Luther Arkwright and the agents of Valhalla stand between the multiverse and absolute Disruption. Spawned from the mind of talented writer/artist Bryan Talbot, Arkwright’s battles have been charted through two comic series – since collected into graphic novels. Valhalla seeks to maintain order and end Disruption across the parallels, infinite dimensions that offer the series – and the game – a time travelling feel without any actual messing with temporal mechanics. Dimensions differ due to the absence or presence of key individuals or events, meaning one might embrace a Victorian steampunk ambience, another a transhuman singularity aesthetic – and yet all coexist simultaneously with now… in this case, sometime in 1981.

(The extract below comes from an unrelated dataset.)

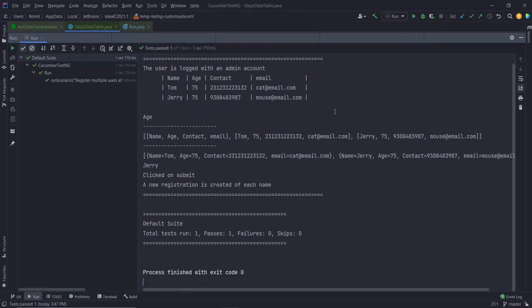Besides these two options - that is list transformation and map transformation - there is one more option which is by using type registry. It is simple with regards to its usage but a little more lengthier in its implementation. We'll have a look into it in another video.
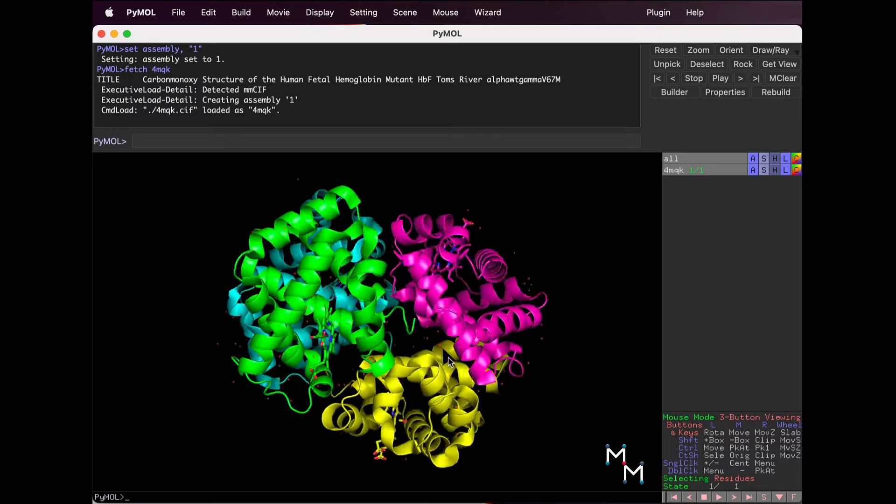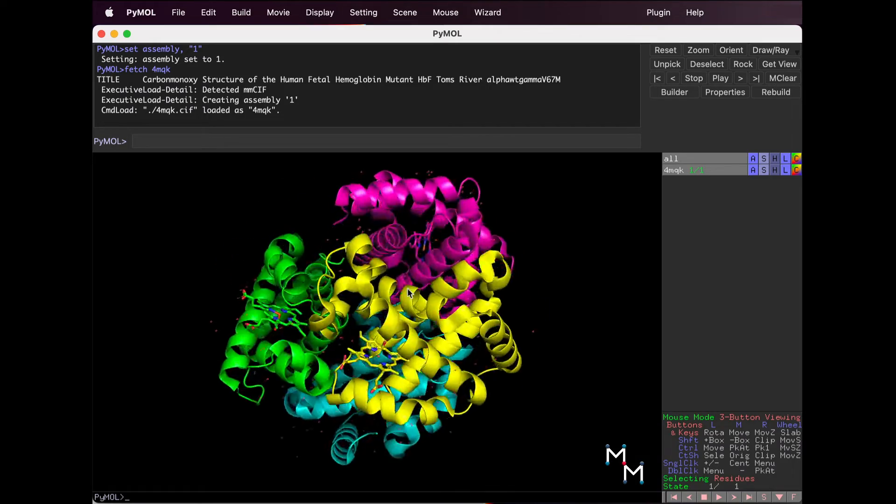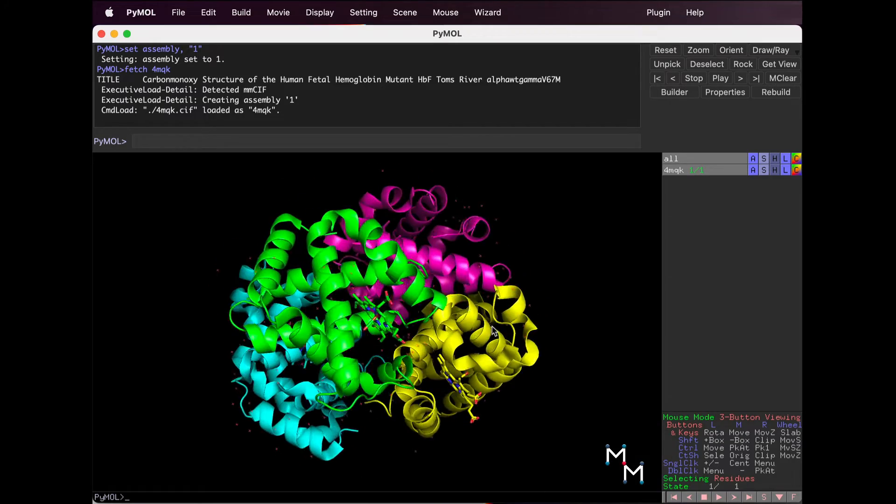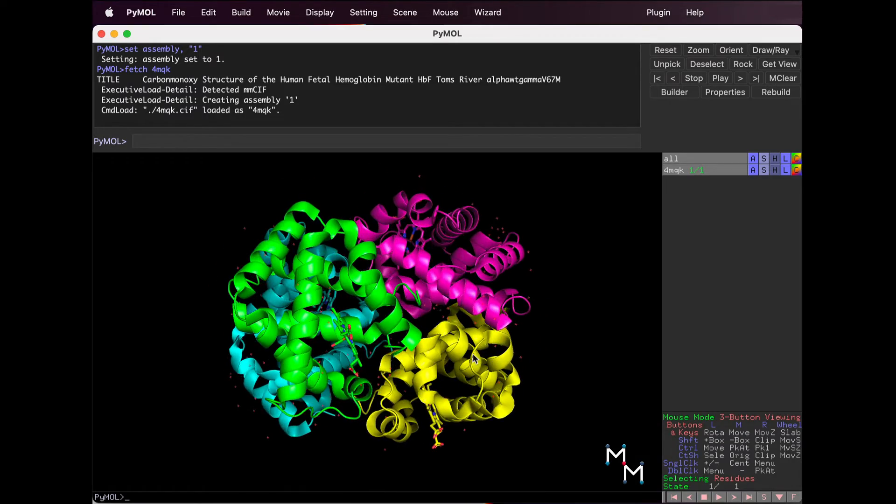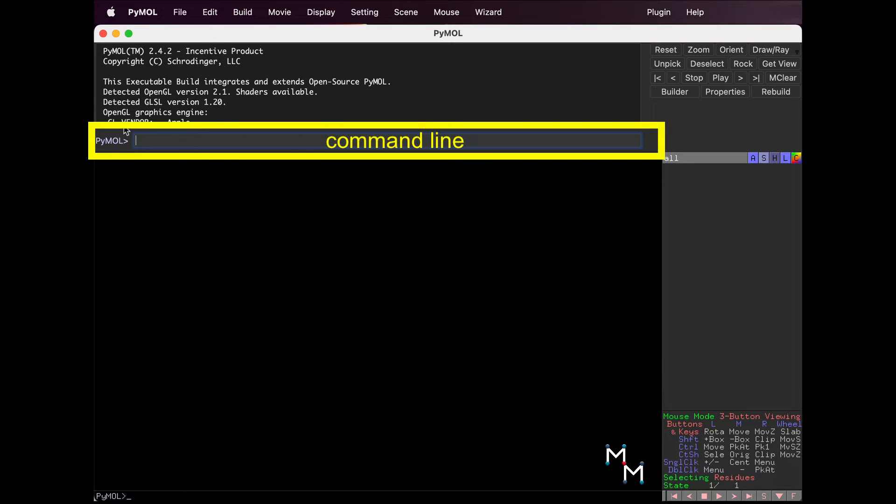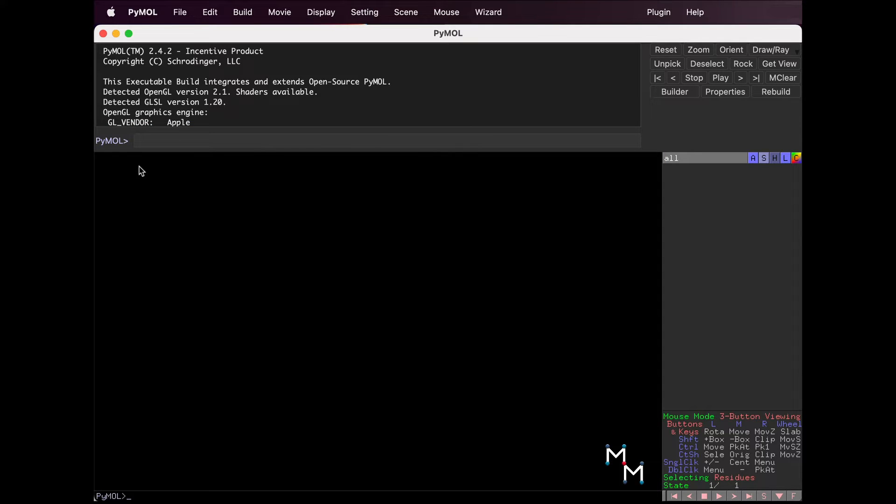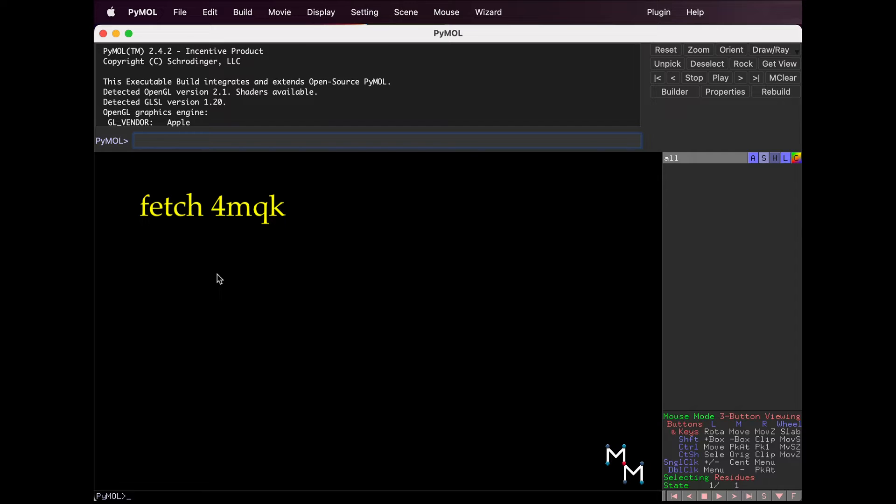A faster way to load structures is to use the command line, where you can execute actions with typed codes. Type Fetch, followed by the four-digit alphanumeric PDB ID.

Every dimension has a Parallel designation, denoting their deviation from the core, Zero-Zero, home to Valhalla and the heart of resistance against the Disruptors.
For those familiar with the stories, the supplement covers events and characters from both the original and Heart of Empire, although it suggests setting your own game before either. For those who haven’t read the comics, the back of the book has an 11-page summary of events – or, you could head over to Big Finish and grab their David Tennent starring audio drama version of the original! Better yet, I thoroughly recommend you read the Luther Arkwright graphic novels, which I personally have read several times over the years since I discovered it.
The Design Mechanism has chosen to use a modified version of their Runequest 6 game to power the crunch of the game, layered with minor changes to match Arkwright’s multiverse. We do away with diverse Cultures, for example, as a means to differentiate characters, but expand Skills and Careers to consider the extended potentials of a contemporary setting and the unique facets of the Parallels.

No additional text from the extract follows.